### Work to complete:
Exactly as given, write out the lines from the one containing "In normal browsers, web" through the end of the listing, with both ends included and nothing else.

### Data under study:

◆ ◆ ◆ ◆ ◆

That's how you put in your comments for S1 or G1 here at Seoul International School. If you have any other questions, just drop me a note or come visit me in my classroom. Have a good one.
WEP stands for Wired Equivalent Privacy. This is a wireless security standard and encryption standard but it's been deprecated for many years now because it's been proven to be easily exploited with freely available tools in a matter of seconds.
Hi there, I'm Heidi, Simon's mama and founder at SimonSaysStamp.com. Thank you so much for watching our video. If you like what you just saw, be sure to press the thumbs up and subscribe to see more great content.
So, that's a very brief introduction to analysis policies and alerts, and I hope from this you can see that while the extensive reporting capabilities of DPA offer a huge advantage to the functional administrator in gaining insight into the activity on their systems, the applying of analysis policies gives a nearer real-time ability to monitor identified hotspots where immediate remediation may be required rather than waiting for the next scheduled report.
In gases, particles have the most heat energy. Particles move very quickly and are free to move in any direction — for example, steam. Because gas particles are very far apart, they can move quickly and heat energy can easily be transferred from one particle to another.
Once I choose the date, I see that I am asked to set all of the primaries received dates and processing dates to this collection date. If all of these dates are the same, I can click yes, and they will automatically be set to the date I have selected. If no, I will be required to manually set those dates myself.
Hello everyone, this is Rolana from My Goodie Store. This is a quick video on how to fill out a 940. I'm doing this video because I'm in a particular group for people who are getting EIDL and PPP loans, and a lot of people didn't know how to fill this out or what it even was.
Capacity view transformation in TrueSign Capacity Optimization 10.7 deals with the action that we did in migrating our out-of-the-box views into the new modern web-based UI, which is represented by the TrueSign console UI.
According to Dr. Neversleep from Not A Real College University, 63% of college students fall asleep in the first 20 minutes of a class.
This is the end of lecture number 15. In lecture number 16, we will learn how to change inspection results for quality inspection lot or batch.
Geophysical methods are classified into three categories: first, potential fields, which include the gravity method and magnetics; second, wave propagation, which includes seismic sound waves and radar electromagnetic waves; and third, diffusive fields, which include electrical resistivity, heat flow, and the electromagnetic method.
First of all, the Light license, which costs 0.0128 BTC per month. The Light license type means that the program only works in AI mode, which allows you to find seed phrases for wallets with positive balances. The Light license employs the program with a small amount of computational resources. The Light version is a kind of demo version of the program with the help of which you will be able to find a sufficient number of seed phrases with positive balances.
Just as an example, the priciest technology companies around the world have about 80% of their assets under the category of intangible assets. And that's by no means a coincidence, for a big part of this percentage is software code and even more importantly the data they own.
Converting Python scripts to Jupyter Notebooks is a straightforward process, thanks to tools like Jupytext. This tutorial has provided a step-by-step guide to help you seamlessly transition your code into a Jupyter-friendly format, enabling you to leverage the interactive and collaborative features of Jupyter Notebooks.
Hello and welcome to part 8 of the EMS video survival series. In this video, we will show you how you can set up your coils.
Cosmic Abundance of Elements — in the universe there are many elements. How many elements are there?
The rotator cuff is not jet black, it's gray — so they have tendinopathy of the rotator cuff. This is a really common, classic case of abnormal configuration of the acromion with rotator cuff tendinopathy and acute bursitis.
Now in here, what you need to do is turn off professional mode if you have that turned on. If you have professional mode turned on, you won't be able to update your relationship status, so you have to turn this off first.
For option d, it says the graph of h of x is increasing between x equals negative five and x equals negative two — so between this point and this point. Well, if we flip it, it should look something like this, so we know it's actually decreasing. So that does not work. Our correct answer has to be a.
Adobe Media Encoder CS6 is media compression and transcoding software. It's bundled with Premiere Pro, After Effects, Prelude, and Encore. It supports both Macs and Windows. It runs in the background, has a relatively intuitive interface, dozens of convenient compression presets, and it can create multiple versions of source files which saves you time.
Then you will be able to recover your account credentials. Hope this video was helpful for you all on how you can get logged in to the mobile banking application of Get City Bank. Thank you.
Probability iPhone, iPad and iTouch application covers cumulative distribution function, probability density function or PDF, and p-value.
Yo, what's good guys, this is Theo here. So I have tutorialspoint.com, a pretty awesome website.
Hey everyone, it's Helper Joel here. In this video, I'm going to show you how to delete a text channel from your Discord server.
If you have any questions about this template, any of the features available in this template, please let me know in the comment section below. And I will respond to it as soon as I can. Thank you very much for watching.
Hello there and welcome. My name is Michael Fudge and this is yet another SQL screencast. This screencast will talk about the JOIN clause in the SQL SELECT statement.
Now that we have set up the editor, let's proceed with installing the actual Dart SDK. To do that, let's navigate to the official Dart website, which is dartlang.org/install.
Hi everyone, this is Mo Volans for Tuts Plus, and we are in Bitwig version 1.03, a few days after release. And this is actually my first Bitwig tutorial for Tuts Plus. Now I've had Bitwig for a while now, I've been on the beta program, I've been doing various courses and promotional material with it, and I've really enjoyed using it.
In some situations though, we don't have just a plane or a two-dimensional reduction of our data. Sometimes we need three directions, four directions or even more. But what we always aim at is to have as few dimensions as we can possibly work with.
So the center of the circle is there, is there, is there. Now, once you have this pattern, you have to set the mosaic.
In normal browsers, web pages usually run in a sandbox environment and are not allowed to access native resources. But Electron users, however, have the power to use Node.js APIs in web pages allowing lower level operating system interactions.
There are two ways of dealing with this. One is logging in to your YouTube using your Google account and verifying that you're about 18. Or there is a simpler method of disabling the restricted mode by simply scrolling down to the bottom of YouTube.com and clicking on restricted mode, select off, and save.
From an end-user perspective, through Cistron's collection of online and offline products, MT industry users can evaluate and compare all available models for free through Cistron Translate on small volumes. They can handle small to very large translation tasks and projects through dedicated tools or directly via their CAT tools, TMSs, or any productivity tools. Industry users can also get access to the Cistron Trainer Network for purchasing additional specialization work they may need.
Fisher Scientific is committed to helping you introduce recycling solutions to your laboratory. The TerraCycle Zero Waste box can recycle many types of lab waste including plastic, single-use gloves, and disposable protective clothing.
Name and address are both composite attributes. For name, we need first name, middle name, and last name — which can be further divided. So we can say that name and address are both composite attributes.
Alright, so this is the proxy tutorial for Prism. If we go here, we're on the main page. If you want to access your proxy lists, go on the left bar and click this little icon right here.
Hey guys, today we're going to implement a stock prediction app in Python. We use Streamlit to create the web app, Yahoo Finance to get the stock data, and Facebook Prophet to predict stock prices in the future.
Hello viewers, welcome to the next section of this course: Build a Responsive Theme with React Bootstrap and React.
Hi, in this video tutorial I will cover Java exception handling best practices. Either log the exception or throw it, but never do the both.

◆ ◆ ◆ ◆ ◆

### Result:
In normal browsers, web pages usually run in a sandbox environment and are not allowed to access native resources. But Electron users, however, have the power to use Node.js APIs in web pages allowing lower level operating system interactions.
There are two ways of dealing with this. One is logging in to your YouTube using your Google account and verifying that you're about 18. Or there is a simpler method of disabling the restricted mode by simply scrolling down to the bottom of YouTube.com and clicking on restricted mode, select off, and save.
From an end-user perspective, through Cistron's collection of online and offline products, MT industry users can evaluate and compare all available models for free through Cistron Translate on small volumes. They can handle small to very large translation tasks and projects through dedicated tools or directly via their CAT tools, TMSs, or any productivity tools. Industry users can also get access to the Cistron Trainer Network for purchasing additional specialization work they may need.
Fisher Scientific is committed to helping you introduce recycling solutions to your laboratory. The TerraCycle Zero Waste box can recycle many types of lab waste including plastic, single-use gloves, and disposable protective clothing.
Name and address are both composite attributes. For name, we need first name, middle name, and last name — which can be further divided. So we can say that name and address are both composite attributes.
Alright, so this is the proxy tutorial for Prism. If we go here, we're on the main page. If you want to access your proxy lists, go on the left bar and click this little icon right here.
Hey guys, today we're going to implement a stock prediction app in Python. We use Streamlit to create the web app, Yahoo Finance to get the stock data, and Facebook Prophet to predict stock prices in the future.
Hello viewers, welcome to the next section of this course: Build a Responsive Theme with React Bootstrap and React.
Hi, in this video tutorial I will cover Java exception handling best practices. Either log the exception or throw it, but never do the both.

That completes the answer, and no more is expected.